For example, a collector of pottery or other small objects may want to consider grouping pieces together in one area, rather than scattering them randomly throughout the room. According to experienced designers, this approach allows the eye to view the entire collection as one large composition or object rather than many tiny ones. It also helps to turn what could appear to be chaos into something with visual order and interest—the whole becoming greater than the sum of the parts.
"Your pieces should not overpower the room," cautions Eichler owner and industrial designer Jerry Escobar. "If you have lots of things to display, you should create a visual piece en mass and organize them so the whole thing is like one unified piece of art."
Lifestyle and taste changes that have occurred since mid-century modern homes were built have also had a major influence on how today's homeowners select and purchase furniture. Neil Gomoluh, a designer and sales associate with Scandinavian Designs' Santa Rosa store, believes that being eclectic and coordinating the buying experience around special pieces already in the home is what today's home furnishing process is all about.
"Long gone are the days where everything in the house was the same," points out Gomoluh. "We have also found that Eichler owners tend to have an eye for design and will mix pieces with more confidence in their own judgment."
He also notes that "the digital camera was a great invention, and some of our customers will bring in photos or throw pillows to show what they have, and then we can help them coordinate something that will work with it."
Another common and successful design strategy is to select an object to serve as a focal point and then create a design around it. "A focal point is something in the room that draws your eye immediately upon entering," explains Severin Secret of JCA Architects in San Jose. "It could be a leather couch, a red Eames chair, a Nelson clock, or a special painting over the fireplace. It could also be a coffee table, such as something really unusual that you make the center of attraction by positioning neutral pieces around it."

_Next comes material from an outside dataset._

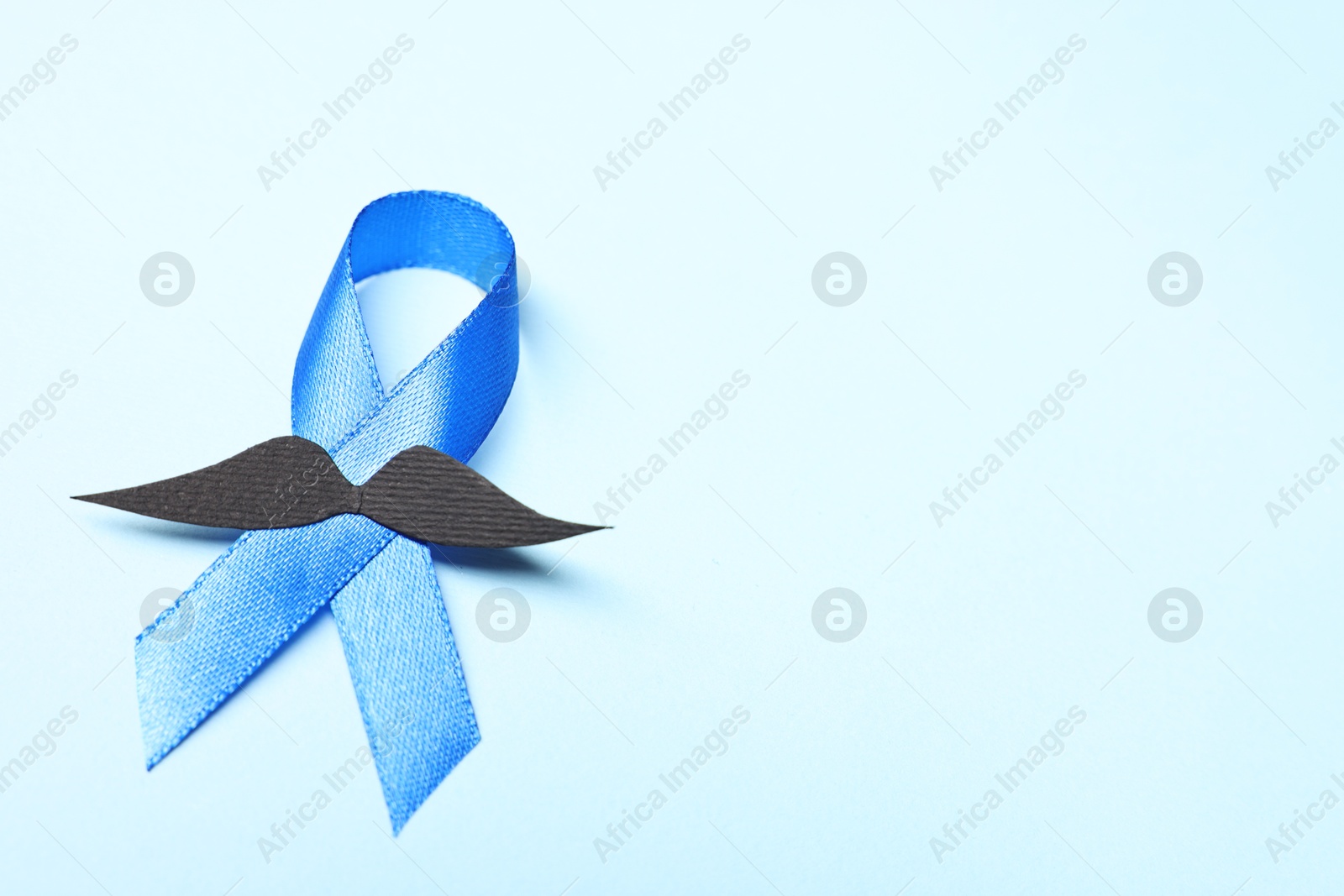 Photo of Blue ribbon and fake mustache on light background, space for text. Prostate cancer awareness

Renewing or upgrading a modernist living room need not become all consuming or expensive either. Sonia Taylor, public relations manager for the West Elm retail furniture chain and catalog company, observes that "everybody wants to design their house with flair and show off their individual personality without having to spend $30,000 just to do their living room."
As a practical approach, she suggests that customers consider opportunities to purchase items that are multi-functional. "Our cubed sectional sofas, for instance, are extremely popular and flexible," Taylor says. "You can put them together, or set them apart. Ottomans also provide this opportunity. You can use them as a foot rest, or to sit on, or as a coffee table."
"And it's not just young people who are doing this," adds Taylor. "We often see customers in their 50s and 60s furnishing [this way for] a home office or a second house."
So as the journey towards renewing that living room begins, think back to the original intent of modernist design. Consider what it was all about, and what it means for today's living. Perhaps Eichler's original slogan says it best—'Discover life in an Eichler.' And remember Matt Kahn's words of caution: "You aren't discovering life by denying it."